During the course of the inquest the evidence revealed matters giving rise to concern. In my opinion there is a risk that future deaths could occur unless action is taken. In the circumstances it is my statutory duty to report to you.
The MATTERS OF CONCERN identified within evidence are as follows were as follows:
1.    That Roger, as a vulnerable adult who had been recognised to be in need of care and support, had been lost in the system (e.g. with a lack of 72 hour follow up in 2021) and may have been inappropriately housed.
2.  There was a need for recognition of service users with cyclical chronic mental ill health issues – in this case being that help Roger received tended to be only at the time of crisis thus doing nothing to address long-term underlying chronic conditions.
3.  That there was a lack steps taken to address isolation felt by service users suffering ill health where there were likely to be substantial delays in accessing services (such as being allocated a care co-ordinator) and receiving treatment which could lead to further feelings of desperation leading to thoughts of suicide and self-harm.
4.    KMPT needed to ensure service users do receive a 72 hour follow up after presenting to an Emergency Department,
5.  KMPT needed to consider provision of long-acting injection type (depot) medication to ensure compliance, particularly where a service user may have to wait substantial periods of time for other services such as therapy.

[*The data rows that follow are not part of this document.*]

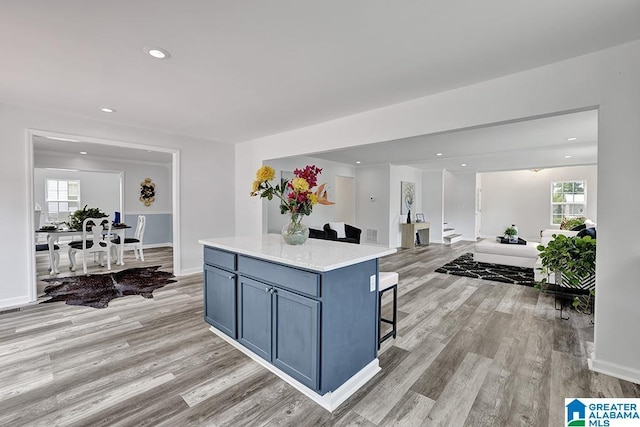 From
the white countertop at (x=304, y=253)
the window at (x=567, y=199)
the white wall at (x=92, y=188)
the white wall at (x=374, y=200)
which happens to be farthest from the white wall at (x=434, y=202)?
the white wall at (x=92, y=188)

6.  That mental health practitioners did not have means by which to engage with the families of service users, effectively recognising such families as an additional resource able to support mental health treatment by monitoring service users and encouraging them to engage with such treatment (and as an adjunct to that a way of noting that where consent has been given by a service user to disclose matters to family members this is clearly noted so that mental health staff are aware of it and can act promptly in so doing).

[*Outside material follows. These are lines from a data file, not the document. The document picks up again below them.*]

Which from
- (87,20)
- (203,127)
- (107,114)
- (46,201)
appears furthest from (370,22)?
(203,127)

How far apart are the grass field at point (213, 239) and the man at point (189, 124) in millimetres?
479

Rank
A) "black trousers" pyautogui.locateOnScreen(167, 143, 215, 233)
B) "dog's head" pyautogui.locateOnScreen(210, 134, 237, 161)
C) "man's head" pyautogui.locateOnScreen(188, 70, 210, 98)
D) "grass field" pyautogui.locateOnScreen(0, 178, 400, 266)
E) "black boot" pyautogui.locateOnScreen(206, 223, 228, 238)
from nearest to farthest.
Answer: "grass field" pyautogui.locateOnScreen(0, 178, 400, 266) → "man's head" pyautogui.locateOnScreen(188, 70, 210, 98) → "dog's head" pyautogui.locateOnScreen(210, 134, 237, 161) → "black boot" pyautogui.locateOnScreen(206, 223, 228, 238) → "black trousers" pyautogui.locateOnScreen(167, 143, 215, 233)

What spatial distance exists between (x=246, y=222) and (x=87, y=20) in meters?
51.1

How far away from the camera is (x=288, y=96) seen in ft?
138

7.  That staffing shortages continue to be a major issue in mental health treatment and that although efforts towards recruitment may alleviate this to some extent KMPT adding text to template letters giving a little more information to service users as to when they may expect to be seen is unlikely to be sufficient. Where such text is used though there would be an opportunity of referring to 3rd party agencies from whom additional support can be sought including charities like the Samaritans or emergency numbers (999 and 111).
In my opinion action should be taken to prevent future deaths and I believe you have the power to take such action.
You are under a duty to respond to this report within 56 days of the date of this report, namely by 8th January 2024. I, the coroner, may extend the period.
Your response must contain details of action taken or proposed to be taken, setting out the timetable for action. Otherwise you must explain why no action is proposed.
I have sent a copy of my report to the Chief Coroner and to the following Interested Persons namely the family and Kent and Medway NHS and Social care Partnership NHS Trust.
I am also under a duty to send the Chief Coroner a copy of your response.
The Chief Coroner may publish either or both in a complete or redacted or summary form. He may send a copy of this report to any person who he believes may find it useful or of interest. You may make representations to me, the coroner, at the time of your response, about the release or the publication of your response by the Chief Coroner.